4 or even 7 ports on the vALU register files sound absurd to me. Additional ports cost significant area (and power). 16MB of vector register files (256kB per CU) in Fiji (and Vega10) would be pretty much out of reach. Given the high density of the SRAM used for the register files it's entirely possible (I would say even likely) that each register file has exactly a single (shared read/write) port,i.e. it's normal single ported SRAM. That's completely enough to ensure there are no conflicts for vALU operations with proper pipelining (stretched out over at least three instructions). If some memory (including LDS) instruction needs some additional register bandwidth, the scheduler in the CU could "steal" an access cycle from instructions with only two source operands or it has to create a bubble in the vALU pipeline. Already a dual ported register file would actually surprise me.
I won't disagree with the single shared read/write port with some pipelining, but here's what I'm looking at. On any given clock a CU will require roughly that many ports to perform all the stated operations. That's extrapolated from the five instructions from different waves with no bank conflicts. The original GCN white paper does mention LDS resolving potential conflicts in hardware outside the "access patterns" which I take to be the cadence. So waves do share banks at least part of the time. The paper also mentioned 512 entries per bank with 16KB(32KB newer, old now).

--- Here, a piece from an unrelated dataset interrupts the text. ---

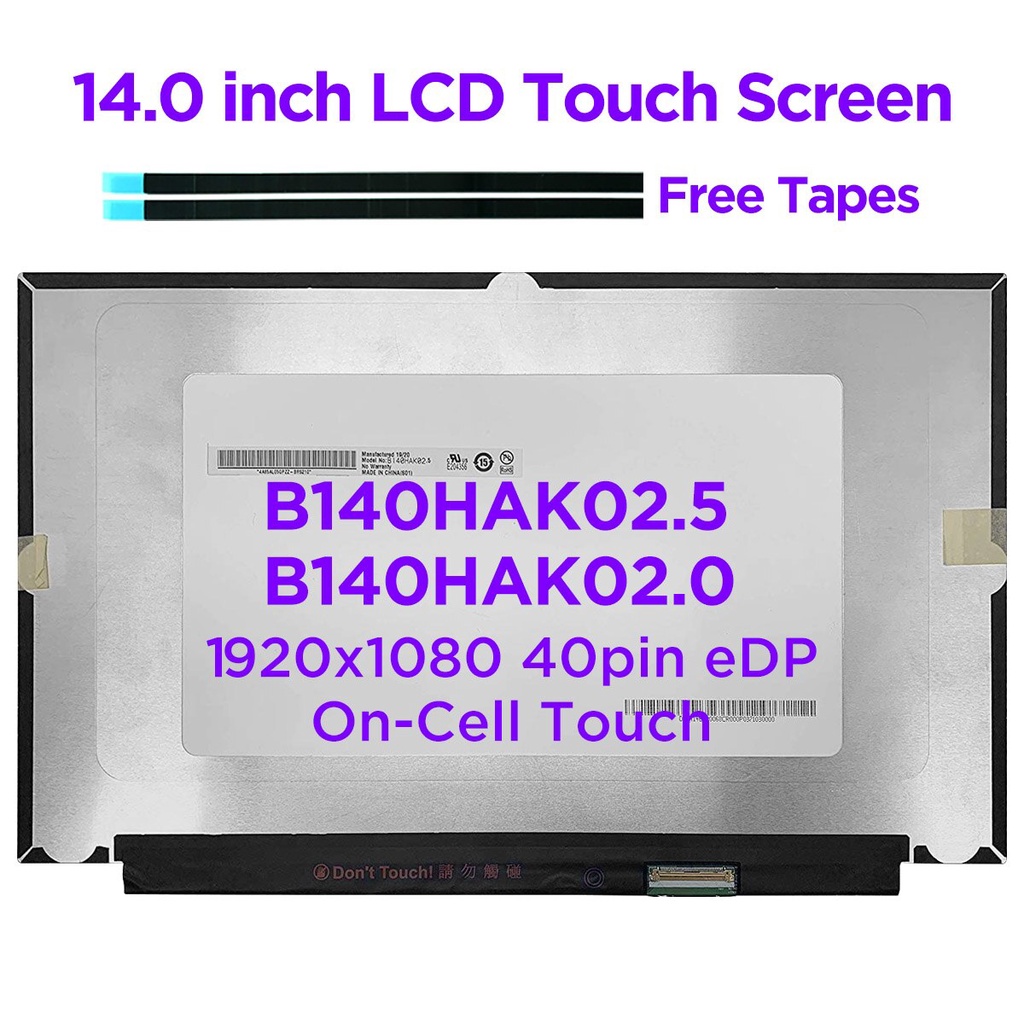 Tela Touch Screen LCD 14.0 Para Notebook B140HAK02.5 Serve B140HAK02.0 Acer Swift SF514-52 75 % NTSC LED IPS Matrix 40 Pinos eDP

The VALU would require 4(3R1W), LDS at least 1(specified as 2R1W with 16/32 banks at a time, but has it's own registers in addition to accessing SIMD registers), scalar at least 1(can probably read and write simultaneously, but also accesses SIMD registers to move data).

The pipeline likely first performs a minimal lane shift to mask defects, then swizzle or DPP with the aid of LDS. All without decreasing throughput. If sharing one of 4 shared ports in a cadence, there would be no guarantee some instructions could be scheduled. That could be where the NOPs and waits come from though.

Regardless, an extra port or two would open up some options. Packed math for example using 4R2W to make scheduling easy. Without dropping throughput. Or tying in the scalar as an accumulator. Lots of other ways to do that though.
 
Apparently CPU still matters quite a bit in this test(if the above result was with Fury X at stock), at least for AMD cards, because Fury X with same 1800X processor as the Vega sample, albeit overclocked to 3.9Ghz instead of stock, scores around 5100.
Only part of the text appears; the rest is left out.